The project has been strongly influenced by the interconnected
theories of Ecology, Urban Ecology and Neighborhood Ecology. The
key theoretical ideas driving the approach to, and development of
the strategy are a hybrid of these theories. These ideas are:
- The significance of neighborhoods and suburbs as a key scale
in addressing the sustainability of existing urban areas through
policy and design strategies.
- Neighborhood and suburban strategies have the ability to ensure
site specific outcomes while being significant enough in scale
to have a meaningful impact.
- The city and neighborhoods within it must be understood and
approached as ecological systems.
- The urban environment, particularly the public domain should
be developed as multi-functional, productive and working landscapes
that integrate ecology, people and economy.
- Strategic incremental change is crucial when intervening in
existing suburbs. Incremental change is more manageable, feasible
and adaptable to local needs and values.
The project site is the Bowden Brompton Ovingham Ridleyton neighborhood
of the city of Adelaide, South Australia, Australia.
This area of 2.24 square kilometers was Adelaide’s first suburb
and was selected for the following key reasons: It is a mixed use
suburb of industrial, commercial, retail and residential uses. It
is bounded by major transport spines from the north western suburbs
into the city and crossed by two rail lines. The combination of
the site’s diverse activity, location and history has created
a fascinating physical and social character. There is significant
vacant, derelict and under-utilized land with several typical urban
renewal projects currently underway. These elements provided a
and challenging area to explore the issues outlined in the motivation
Site data and analysis methods
Compilation and analysis of historical, physical, existing planning
and demographical data on the site informed the planning strategy.
Historical timelines were developed to illustrate and understand
influences on the emergence of the site in its current form. Detailed
graphical studies of the existing planning, physical form and systems
of the site where undertaken. These studies focused on the role
of the site in its broader context, zoning, land use, built area
percentage, form, color and materiality, open areas of public space
and vacant land, streetscape character, existing vegetation, infrastructure,
traffic and circulation. The analysis summary diagrams illustrate
the following key points: The site’s form and character is
a reflection of its long, rich and complex history as an inner industrial
suburb. Existing zoning does not reflect the reality of the current
complex mixed land use of the site. The shadow of a pending government
freeway through the site in the 60’s and 70’s and the
resulting stagnation in development and decline in population has
produced significant areas of vacant, derelict or underused sites.

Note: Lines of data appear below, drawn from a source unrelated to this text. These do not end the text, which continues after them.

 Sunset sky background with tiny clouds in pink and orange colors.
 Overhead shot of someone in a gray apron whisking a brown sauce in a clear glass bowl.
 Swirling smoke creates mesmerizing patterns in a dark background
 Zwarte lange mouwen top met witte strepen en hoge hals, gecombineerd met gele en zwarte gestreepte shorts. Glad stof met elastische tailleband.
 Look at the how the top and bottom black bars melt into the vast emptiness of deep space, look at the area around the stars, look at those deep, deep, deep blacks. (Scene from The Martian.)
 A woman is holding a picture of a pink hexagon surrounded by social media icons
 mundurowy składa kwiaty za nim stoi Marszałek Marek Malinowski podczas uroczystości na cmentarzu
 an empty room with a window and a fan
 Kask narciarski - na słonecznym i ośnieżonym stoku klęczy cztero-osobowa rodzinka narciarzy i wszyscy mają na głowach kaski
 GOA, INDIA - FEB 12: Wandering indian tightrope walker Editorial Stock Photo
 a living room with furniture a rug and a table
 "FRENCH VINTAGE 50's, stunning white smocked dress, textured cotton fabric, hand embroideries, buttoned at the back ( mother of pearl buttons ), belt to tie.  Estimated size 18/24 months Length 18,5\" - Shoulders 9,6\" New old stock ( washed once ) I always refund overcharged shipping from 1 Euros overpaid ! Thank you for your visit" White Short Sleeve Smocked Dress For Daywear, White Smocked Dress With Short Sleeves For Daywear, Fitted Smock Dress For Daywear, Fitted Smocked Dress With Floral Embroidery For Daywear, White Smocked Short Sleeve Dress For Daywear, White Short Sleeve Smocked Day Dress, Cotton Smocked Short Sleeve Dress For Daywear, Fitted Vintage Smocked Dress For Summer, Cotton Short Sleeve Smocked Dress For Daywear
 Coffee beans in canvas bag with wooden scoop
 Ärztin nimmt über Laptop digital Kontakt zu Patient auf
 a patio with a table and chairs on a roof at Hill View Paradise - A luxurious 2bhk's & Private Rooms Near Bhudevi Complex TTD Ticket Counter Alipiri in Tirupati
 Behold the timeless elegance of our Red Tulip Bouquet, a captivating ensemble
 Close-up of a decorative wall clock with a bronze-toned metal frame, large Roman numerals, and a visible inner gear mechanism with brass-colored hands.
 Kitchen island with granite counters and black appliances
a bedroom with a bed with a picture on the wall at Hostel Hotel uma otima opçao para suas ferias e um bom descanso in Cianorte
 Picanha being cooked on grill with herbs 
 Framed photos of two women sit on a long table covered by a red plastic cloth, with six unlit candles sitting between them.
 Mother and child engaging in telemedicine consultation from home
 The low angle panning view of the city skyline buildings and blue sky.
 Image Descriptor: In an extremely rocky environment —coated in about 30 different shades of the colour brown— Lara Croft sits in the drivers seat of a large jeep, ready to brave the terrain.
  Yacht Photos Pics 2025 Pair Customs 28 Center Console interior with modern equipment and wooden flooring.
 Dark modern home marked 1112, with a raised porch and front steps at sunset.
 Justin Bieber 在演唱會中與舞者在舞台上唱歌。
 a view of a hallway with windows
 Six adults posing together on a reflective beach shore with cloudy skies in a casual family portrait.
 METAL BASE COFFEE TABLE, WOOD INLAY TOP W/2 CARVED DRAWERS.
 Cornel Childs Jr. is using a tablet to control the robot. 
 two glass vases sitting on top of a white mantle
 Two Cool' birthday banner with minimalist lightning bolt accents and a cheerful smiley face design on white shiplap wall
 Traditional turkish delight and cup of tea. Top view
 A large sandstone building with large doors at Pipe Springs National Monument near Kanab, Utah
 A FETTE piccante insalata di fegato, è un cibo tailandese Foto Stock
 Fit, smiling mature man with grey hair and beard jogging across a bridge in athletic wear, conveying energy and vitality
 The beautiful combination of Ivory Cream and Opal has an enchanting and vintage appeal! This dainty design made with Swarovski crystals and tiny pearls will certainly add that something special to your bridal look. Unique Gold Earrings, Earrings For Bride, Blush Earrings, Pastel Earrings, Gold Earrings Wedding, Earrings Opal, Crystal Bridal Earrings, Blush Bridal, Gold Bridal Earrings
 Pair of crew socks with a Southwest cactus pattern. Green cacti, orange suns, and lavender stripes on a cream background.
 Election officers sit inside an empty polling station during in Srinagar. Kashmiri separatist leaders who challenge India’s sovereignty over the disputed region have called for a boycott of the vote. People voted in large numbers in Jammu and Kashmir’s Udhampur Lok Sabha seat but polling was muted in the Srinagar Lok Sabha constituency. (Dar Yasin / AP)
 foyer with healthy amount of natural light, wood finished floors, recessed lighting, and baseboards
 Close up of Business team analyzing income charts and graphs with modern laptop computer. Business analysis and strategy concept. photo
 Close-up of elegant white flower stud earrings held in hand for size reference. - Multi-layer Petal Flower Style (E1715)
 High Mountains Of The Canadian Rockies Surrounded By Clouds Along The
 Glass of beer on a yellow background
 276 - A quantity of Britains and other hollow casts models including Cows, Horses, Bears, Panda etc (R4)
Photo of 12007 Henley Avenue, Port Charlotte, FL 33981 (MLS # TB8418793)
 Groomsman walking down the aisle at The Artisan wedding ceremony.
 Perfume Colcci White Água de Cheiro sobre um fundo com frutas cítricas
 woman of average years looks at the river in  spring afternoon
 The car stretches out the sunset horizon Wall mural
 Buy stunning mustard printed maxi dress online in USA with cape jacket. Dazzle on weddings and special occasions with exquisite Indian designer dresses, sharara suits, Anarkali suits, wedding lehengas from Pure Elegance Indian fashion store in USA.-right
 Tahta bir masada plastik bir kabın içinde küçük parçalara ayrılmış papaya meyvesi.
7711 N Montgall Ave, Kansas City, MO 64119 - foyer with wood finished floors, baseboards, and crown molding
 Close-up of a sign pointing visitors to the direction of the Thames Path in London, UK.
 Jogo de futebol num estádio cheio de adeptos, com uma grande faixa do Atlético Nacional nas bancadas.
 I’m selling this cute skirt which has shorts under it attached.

Despite this there is very little space allocated for public recreational
use. Traffic circulation is a critical issue; several major local
roads cross the site, also indiscriminate movement of heavier commercial
vehicles dominates the majority of streets. The two rail lines
the site create another layer of movement. Detailed analysis of
census demographics information for the neighborhood was summarized
to illustrate key social patterns characterizing the community.
Key points in comparing the site to the city of Adelaide as a whole
are that: the 25-49 age group is dominant. There is a higher percentage
of migrants (English, Greek, Italian and Vietnamese ethnic groups)
and people who speak a language other than English at home. Higher
than average percentage of low income households. Recently there
has been an increase in the percentage of high income households.
40% of households are a single person. Also there are more couples
without kids. There is a higher percentage of renters, but with
buyers on the increase.
As part of the analysis of the site a conceptual ecosystem model
diagram of the existing site was developed to illustrate the components
that make up its ecosystem. While simplified, the diagram draws
attention to the systems inputs, outputs, flows and interactions
providing an illustration of the relationships within the system
and interaction with the broader city system.
The existing site diagram shows clearly the high amounts of both
inputs and outputs needed to maintain the current system.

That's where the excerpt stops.